Midkine (MDK) has been proposed as one of the most promising markers for hepatocellular carcinoma (HCC). This meta-analysis was conducted to compare the diagnostic accuracy of MDK and α-fetoprotein (AFP) for HCC.

METHODS

We systematically searched PubMed/MEDLINE, Ovid/EMBASE, and the Cochrane Library for all relevant studies up to 18 May 2019. The Revised Quality Assessment for Studies of Diagnostic Accuracy tool (QUADAS-2) was used to assess the methodological quality of the included studies. The sensitivity, specificity, and the area under the curve (AUC) of MDK and AFP for detecting HCC were pooled using random-effects model.

RESULTS

Seventeen studies from five articles with a total of 1122 HCC patients and 2483 controls were included. The summary estimates using MDK and AFP for detecting HCC were as follows: sensitivity, 85 vs 52%, specificity, 82 vs 94%, and AUC, 0.90 vs 0.83. The summary estimates using MDK and AFP for detecting hepatitis virus-related HCC as follows: sensitivity, 93 vs 74%, specificity, 85 vs 97%, and AUC, 0.95 vs 0.97. The summary estimates using MDK and AFP for detecting early-stage HCC were as follows: sensitivity, 83.5 vs 44.4%, specificity, 81.7 vs 84.8%, and AUC, 0.87 vs 0.52. The summary estimates using MDK for detecting AFP-negative HCC as follows: sensitivity, 88.5%, specificity, 83.9%, and AUC, 0.91.

CONCLUSION

MDK is more accurate than AFP in diagnosing HCC, especially for early-stage HCC and AFP-negative HCC. Both MDK and AFP had excellent diagnostic performance for hepatitis virus-related HCC.

摘要

目的

中期因子(MDK)被认为是肝细胞癌(HCC)最有前途的标志物之一。
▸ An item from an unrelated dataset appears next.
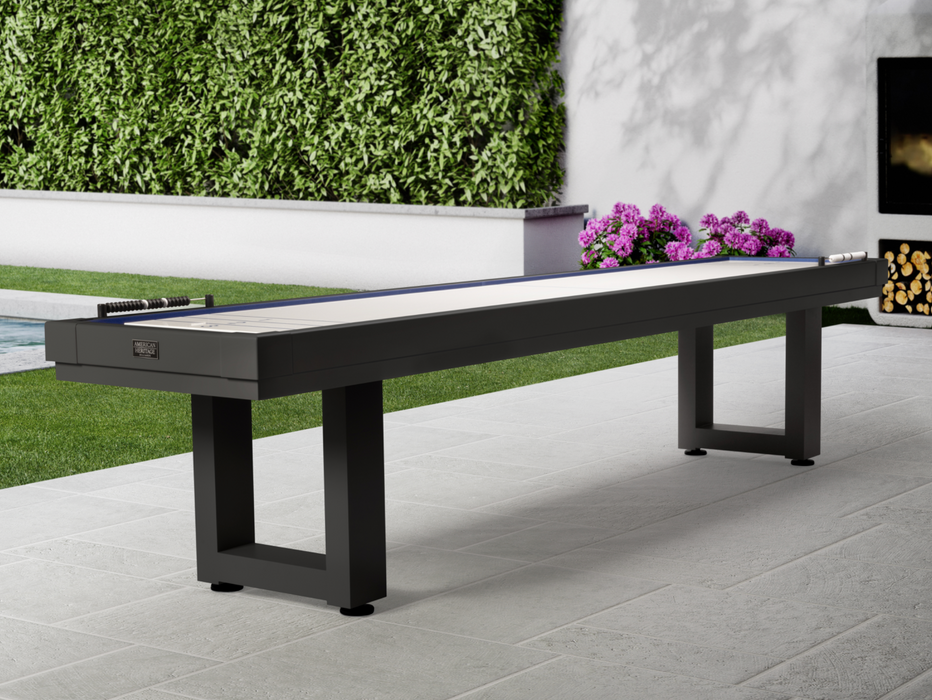 Lanai Shuffleboard Table - Obsidian Black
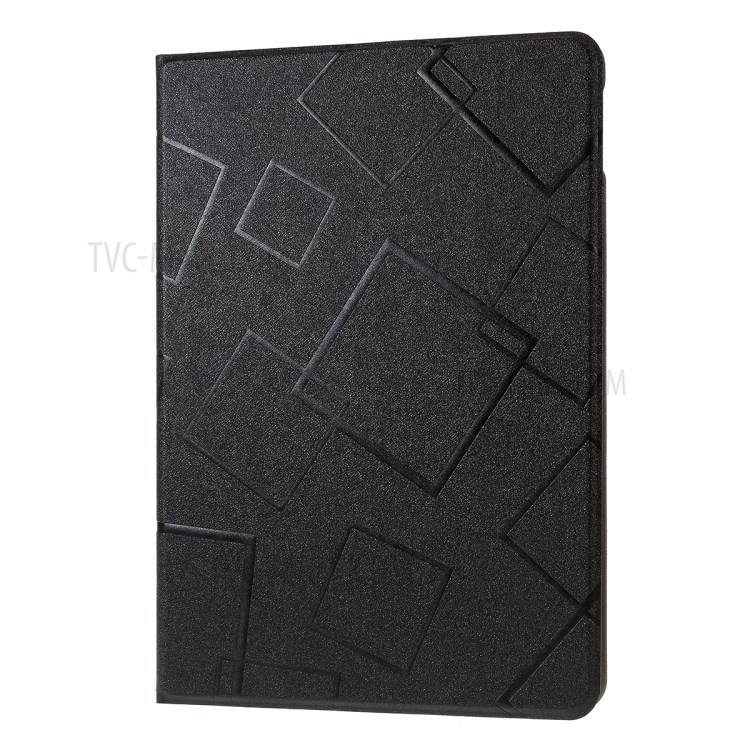 Square Pattern Stand Protective Case for iPad 10.2 (2019) - Black-2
本荟萃分析旨在比较 MDK 和甲胎蛋白(AFP)对 HCC 的诊断准确性。

方法

我们系统地检索了截至 2019 年 5 月 18 日的 PubMed/MEDLINE、Ovid/EMBASE 和 Cochrane 图书馆中的所有相关研究。使用修订后的诊断准确性研究质量评估工具(QUADAS-2)评估纳入研究的方法学质量。使用随机效应模型汇总 MDK 和 AFP 检测 HCC 的敏感性、特异性和曲线下面积(AUC)。

结果

共纳入来自 5 篇文章的 17 项研究,共计 1122 例 HCC 患者和 2483 例对照。使用 MDK 和 AFP 检测 HCC 的汇总估计值如下:敏感性,85%比 52%;特异性,82%比 94%;AUC,0.90 比 0.83。使用 MDK 和 AFP 检测乙型肝炎病毒相关 HCC 的汇总估计值如下:敏感性,93%比 74%;特异性,85%比 97%;AUC,0.95 比 0.97。使用 MDK 和 AFP 检测早期 HCC 的汇总估计值如下:敏感性,83.5%比 44.4%;特异性,81.7%比 84.8%;AUC,0.87 比 0.52。使用 MDK 检测 AFP 阴性 HCC 的汇总估计值如下:敏感性,88.5%;特异性,83.9%;AUC,0.91。

结论

MDK 在诊断 HCC 方面比 AFP 更准确,尤其是对早期 HCC 和 AFP 阴性 HCC。MDK 和 AFP 对乙型肝炎病毒相关 HCC 均具有出色的诊断性能。